To be sure, after Frank meets Morris Bober for the first time, he starts coming every morning and helping the grocer out. And, after helping every morning for a few weeks, he eventually asks him for a job (40). And although Ida, Bober’s wife, is skeptical, Bober, being an “honest man” (and lest we not forget, a schlemiel), opens his arms Frank. Like Abraham in the Torah/Bible, Bober wants to help a stranger:
“Because somebody is a stranger don’t mean that ain’t honest,” answered the grocer. “The subject don’t interest. Interests me what you can learn here. Only one thing” – he pressed his hand to his chest – “a heartache.” (40)
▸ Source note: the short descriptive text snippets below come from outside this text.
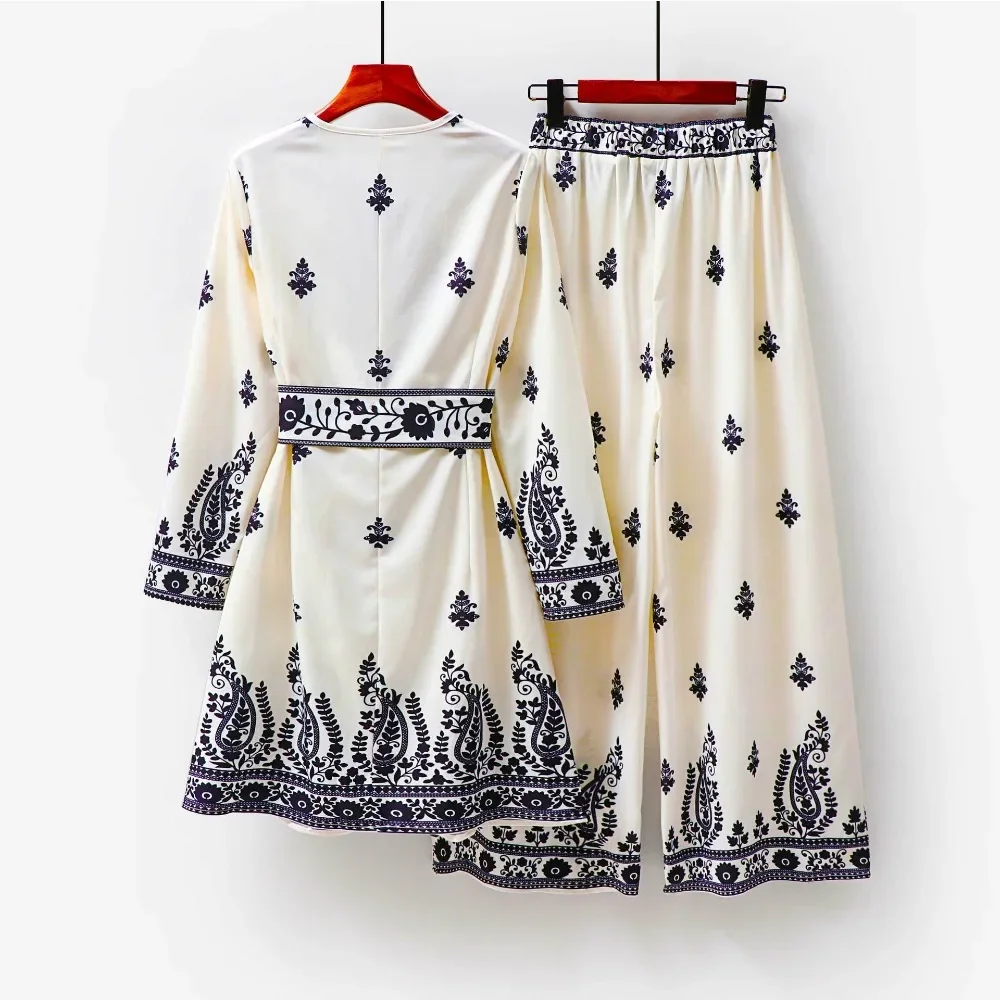 Ethnic Print Modest Muslim Women Two Piece Outfit Belted Kaftan Top with Pants Ramadan Eid Fashion Casual Lounge Wear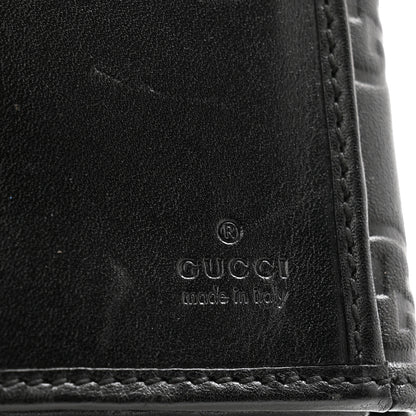 Gucci Guccissima Margaux Calfskin Metal Bar Continental Flap Wallet Black 6 of 9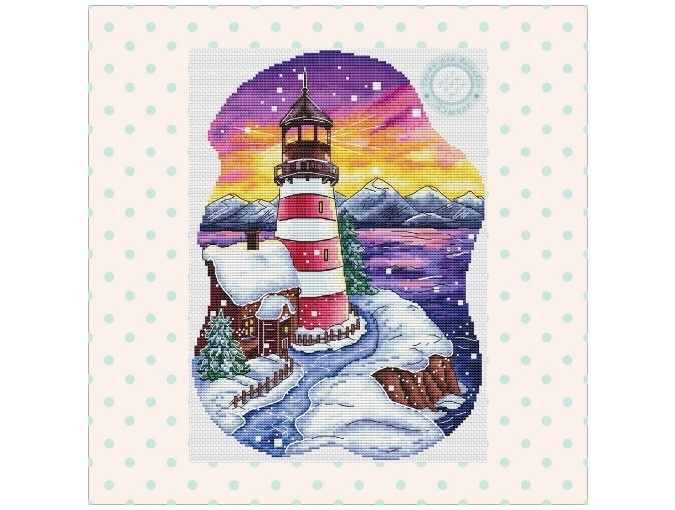 Winter Lighthouse Cross Stitch Chart фото 1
Frank, in the most caring way, tells Bober that he will assist him until Bober gets better. And things seem to be fine. However, as time passes Bober bears witnesses, to his chagrin, to the fact that Frank may really not be so honest. When, one night, Bober is closing down, he discovers Alpine is sleeping in the basement of his store. Bober asks him why he was down there and then springs a question on Frank regarding a theft: “Did you steal from me my milk and rolls?” Frank admits to stealing from Bober and said he did so because he was hungry. Bober asks Alpine why he didn’t ask him, and Frank gives an odd answer; namely, that he can take care of himself.
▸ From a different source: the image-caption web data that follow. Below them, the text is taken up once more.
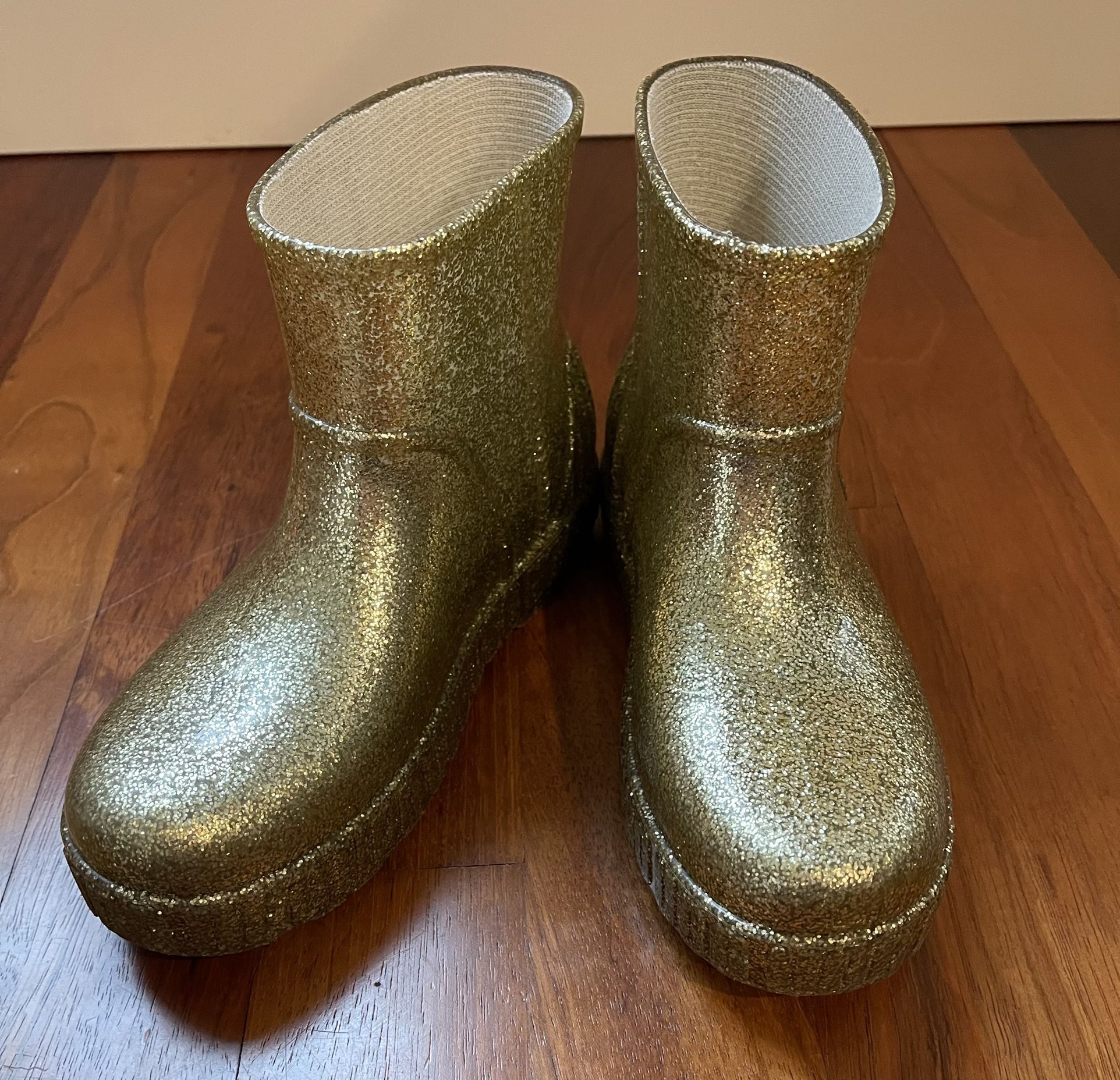 UGG Drizlita Golden Glitter Waterproof Rubber Rain Boots Size 6 Women 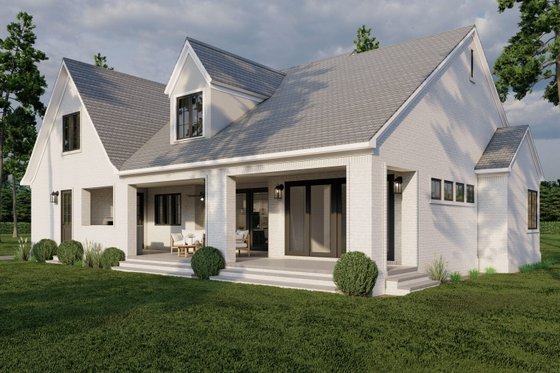 Exterior - Rear Elevation for European House Plan #923-338 - 4 bed, 4 bath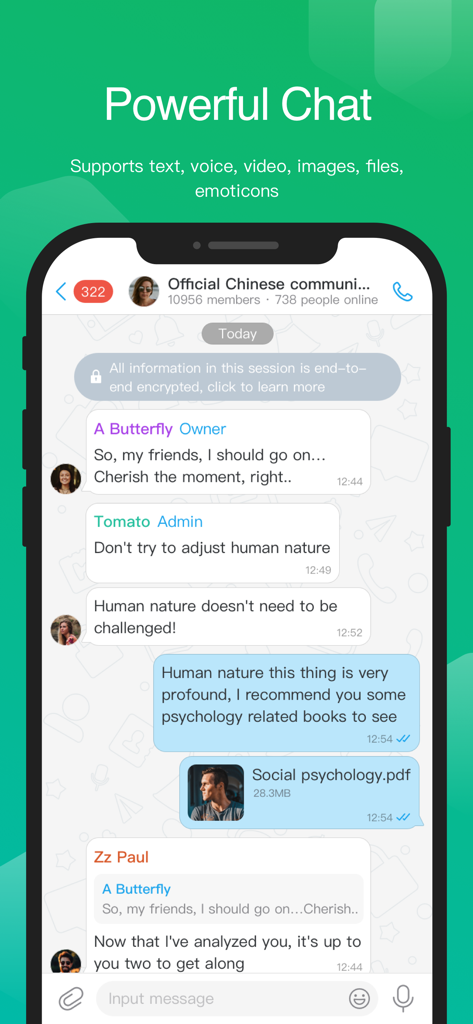 Ant Messenger app interface showing an encrypted group chat and file sharing.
When Bober asks Frank why he didn’t stay with his sister, we learn that Frank lied: he doesn’t have a sister (51). And this isn’t an insignificant detail. To be sure, Frank told Bober, when he first met him, that he was an orphan who went from home to home and eventually ran away to live the life of a homeless person. Yet, somehow, he slipped a bit about staying with his sister to Bober. Now, he says, quite frankly: “I have no sister. That was a lie I told you. I am alone by myself”(51). Confused, Bober asks him why and Frank tells him that he lied because he didn’t want Bober to think he “was a bum”(51). Bober, seeing Frank hungrily eat the food he stole, feels compassion for Frank’s poverty and seems to forget about the lie.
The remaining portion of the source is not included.